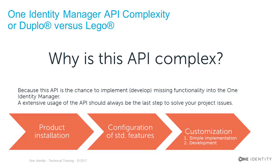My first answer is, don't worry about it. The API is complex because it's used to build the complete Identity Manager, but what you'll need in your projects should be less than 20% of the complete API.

--

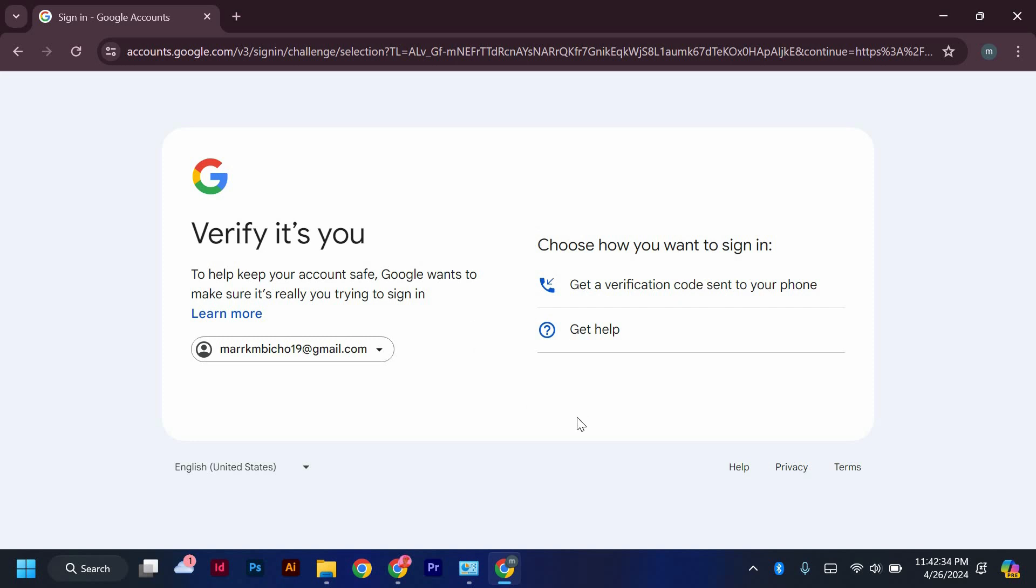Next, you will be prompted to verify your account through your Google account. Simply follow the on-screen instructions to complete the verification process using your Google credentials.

...

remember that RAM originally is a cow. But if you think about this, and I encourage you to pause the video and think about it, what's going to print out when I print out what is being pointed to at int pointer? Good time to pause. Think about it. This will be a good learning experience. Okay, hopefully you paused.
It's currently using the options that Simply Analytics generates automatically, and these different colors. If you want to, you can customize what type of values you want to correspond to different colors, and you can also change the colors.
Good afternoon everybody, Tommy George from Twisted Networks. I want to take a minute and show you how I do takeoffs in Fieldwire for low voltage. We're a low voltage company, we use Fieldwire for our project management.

- _How to complete this task_
Return, unchanged, the run of lines above that opens with the line containing "It's currently using" and closes with the line containing "Good afternoon everybody, Tommy". Include both.

- _Answer box_
It's currently using the options that Simply Analytics generates automatically, and these different colors. If you want to, you can customize what type of values you want to correspond to different colors, and you can also change the colors.
Good afternoon everybody, Tommy George from Twisted Networks. I want to take a minute and show you how I do takeoffs in Fieldwire for low voltage. We're a low voltage company, we use Fieldwire for our project management.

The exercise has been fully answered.